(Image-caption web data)
####

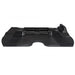 Roborock Onyx 4 Ramp Plate for S8 Pro Ultra Vacuum Cleaner - Robot Specialist - Parts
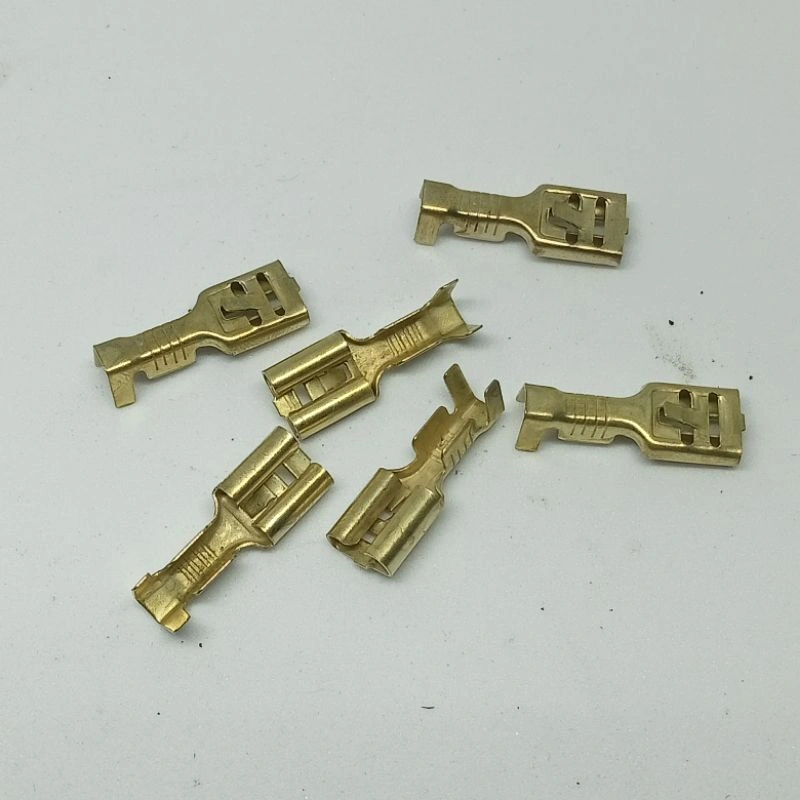 SKUN GEPNG TEBAL UNTUK KABEL UKURAN 2MM SD 2,5 DAN 2,5MM SD 4MM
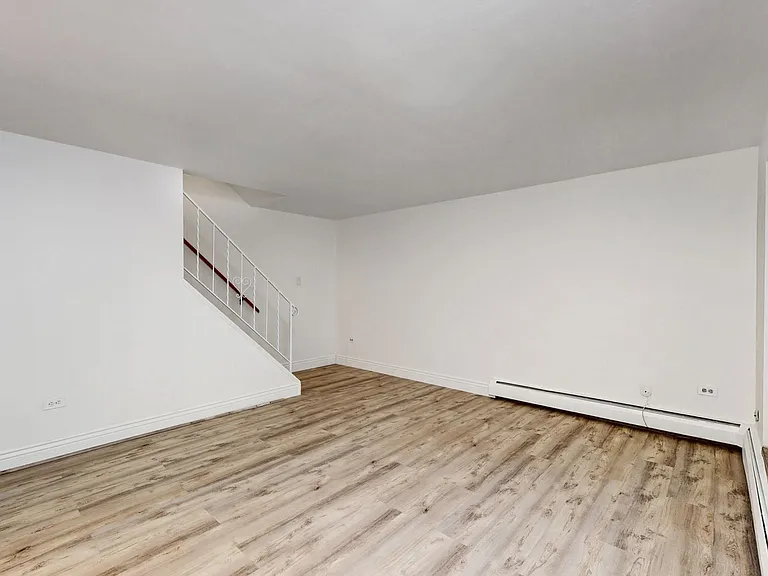 1355 N Gaylord St #2 — Photo 2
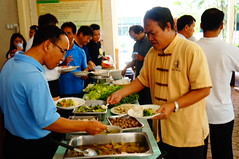 DSC04290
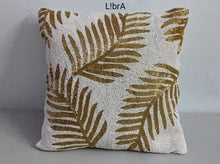 Load image into Gallery viewer, Premium Cushion Covers (Beaded)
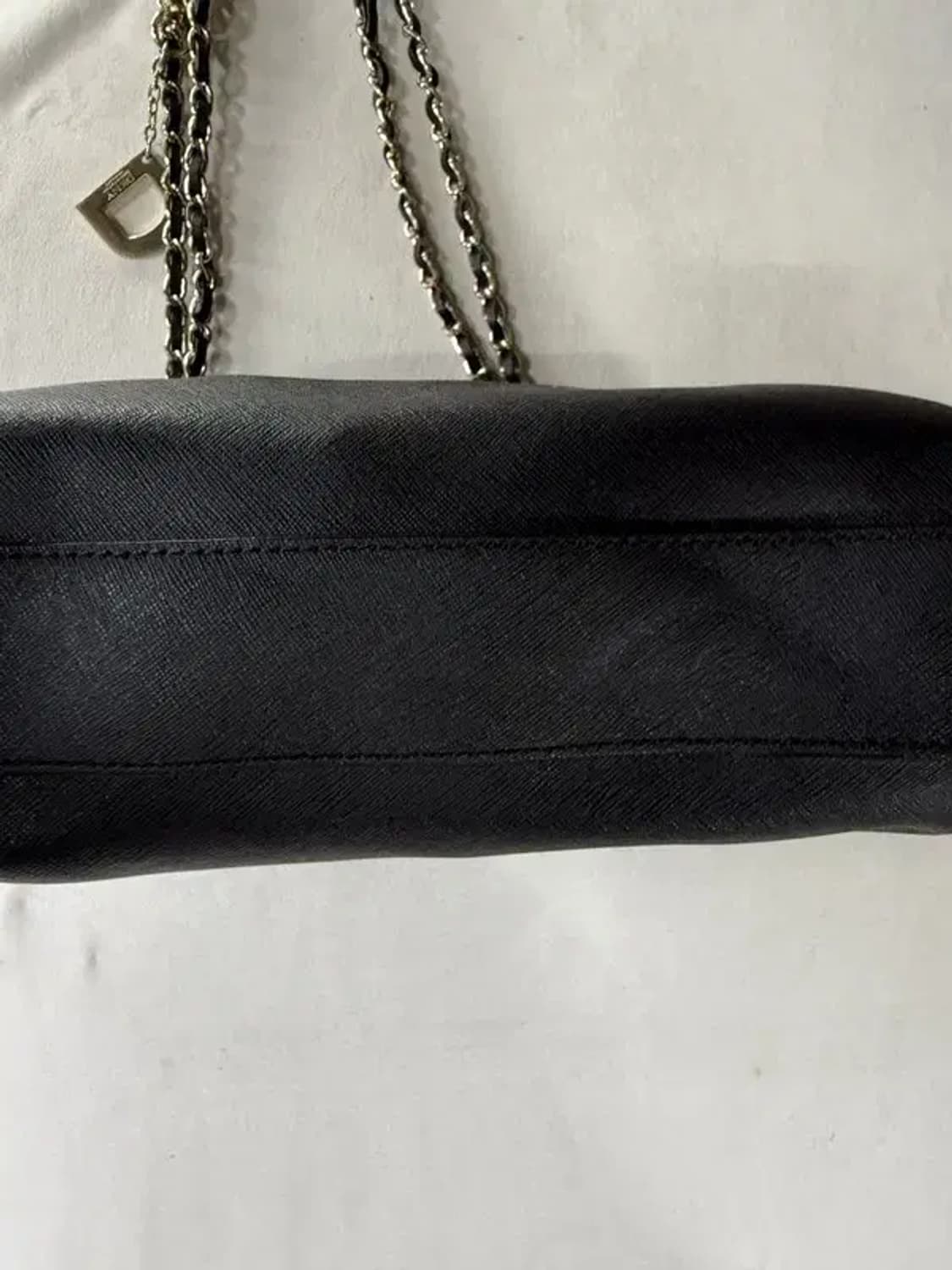 A2575 [ DKNY ] 디케이엔와이 숄더백 상품이미지3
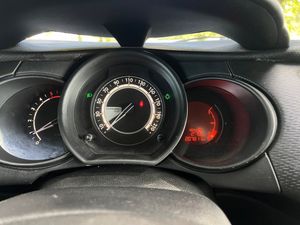 Citroen C3 bild 15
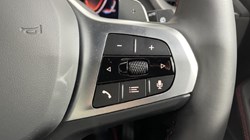 2024 (73) BMW 1 SERIES 128ti 5dr Step Auto [Live Cockpit Pro/Pro pk] 2851921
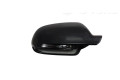 Зеркало электрическое Audi A4 Allroad - года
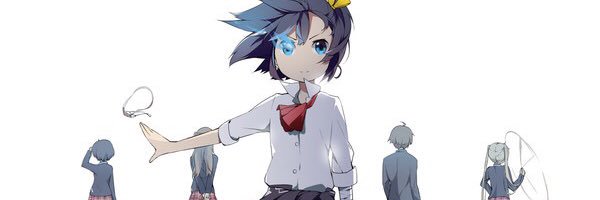Revileye0's profile banner image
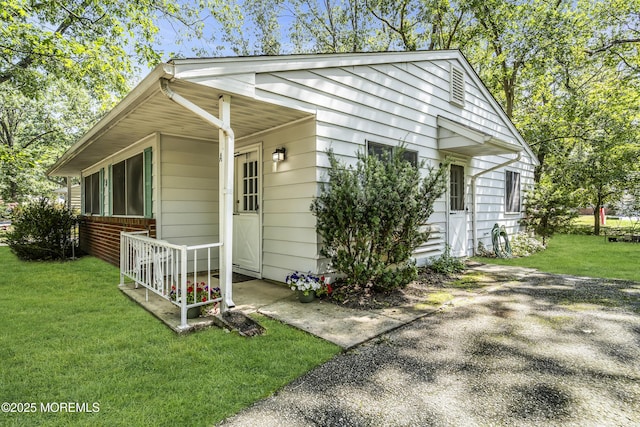 5A Iowa Dr Unit A, Whiting, NJ 08759 - photo 1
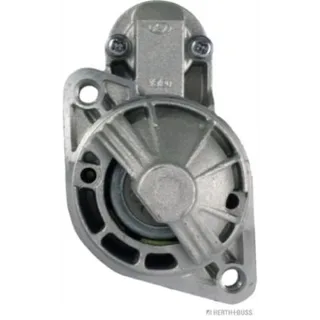Jakoparts Starter Hyundai Kia J5210500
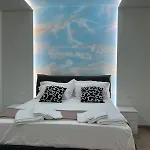 Apartament Domus Ganata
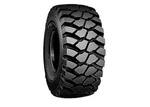 Opona 23.5R25 Bridgestone VLTS E4/L4 TL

####

Exclude the pictures. Write out the remaining data exactly.

 Roborock Onyx 4 Ramp Plate for S8 Pro Ultra Vacuum Cleaner - Robot Specialist - Parts
 SKUN GEPNG TEBAL UNTUK KABEL UKURAN 2MM SD 2,5 DAN 2,5MM SD 4MM
 1355 N Gaylord St #2 — Photo 2
 DSC04290
 Load image into Gallery viewer, Premium Cushion Covers (Beaded)
 A2575 [ DKNY ] 디케이엔와이 숄더백 상품이미지3
 Citroen C3 bild 15
 2024 (73) BMW 1 SERIES 128ti 5dr Step Auto [Live Cockpit Pro/Pro pk] 2851921
 Зеркало электрическое Audi A4 Allroad - года
Revileye0's profile banner image
 5A Iowa Dr Unit A, Whiting, NJ 08759 - photo 1
Jakoparts Starter Hyundai Kia J5210500
 Apartament Domus Ganata
 Opona 23.5R25 Bridgestone VLTS E4/L4 TL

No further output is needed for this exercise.